### TASK REQUIREMENTS:
Copy out the full listing exactly, omitting any picture it contains.

### DATA EXCERPT:
=======

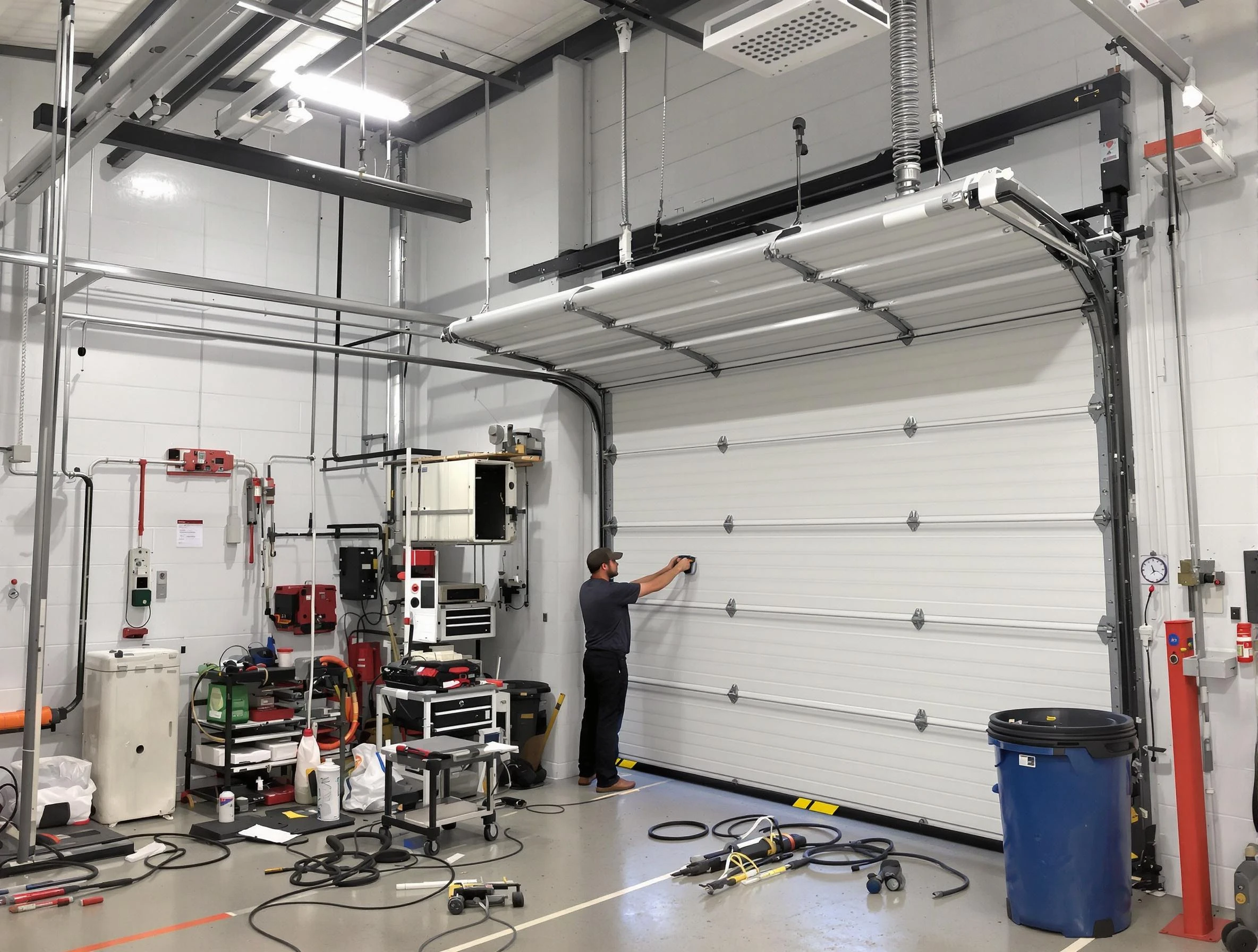 Sandston Garage Door Repair certified technician performing commercial door repair at a Sandston business facility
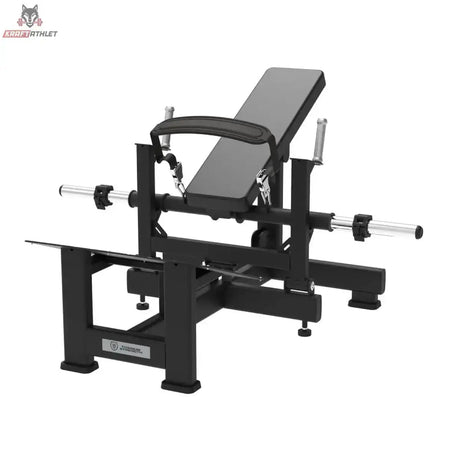 Titanium Strength Hip Thrust Elite Series: Frontansicht mit Rückenpolster und Hebelarm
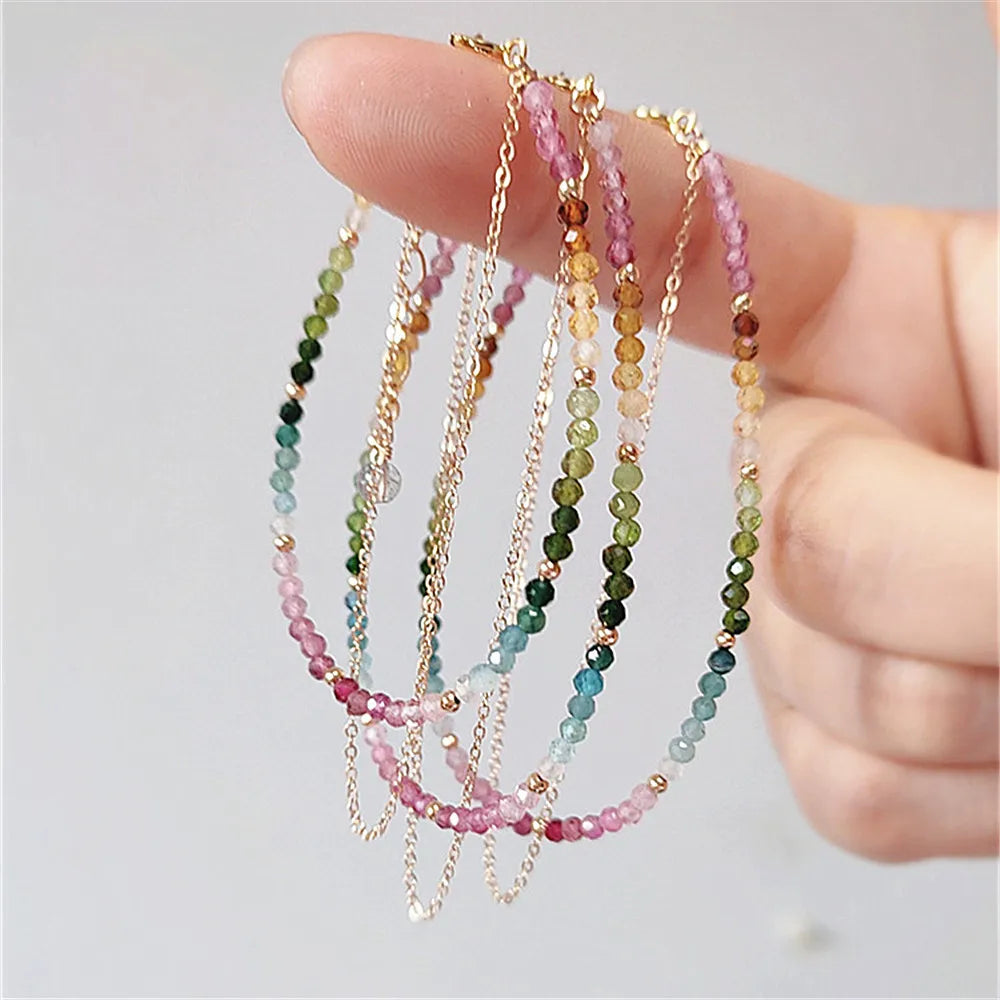 Natural Colorful Mix Tourmaline Bead Bracelet Handmade Women 14K Gold Filled Chain Double Layer Bracelet Semi Precious Jewelry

=======

### YOUR SOLUTION:
 Sandston Garage Door Repair certified technician performing commercial door repair at a Sandston business facility
 Titanium Strength Hip Thrust Elite Series: Frontansicht mit Rückenpolster und Hebelarm
 Natural Colorful Mix Tourmaline Bead Bracelet Handmade Women 14K Gold Filled Chain Double Layer Bracelet Semi Precious Jewelry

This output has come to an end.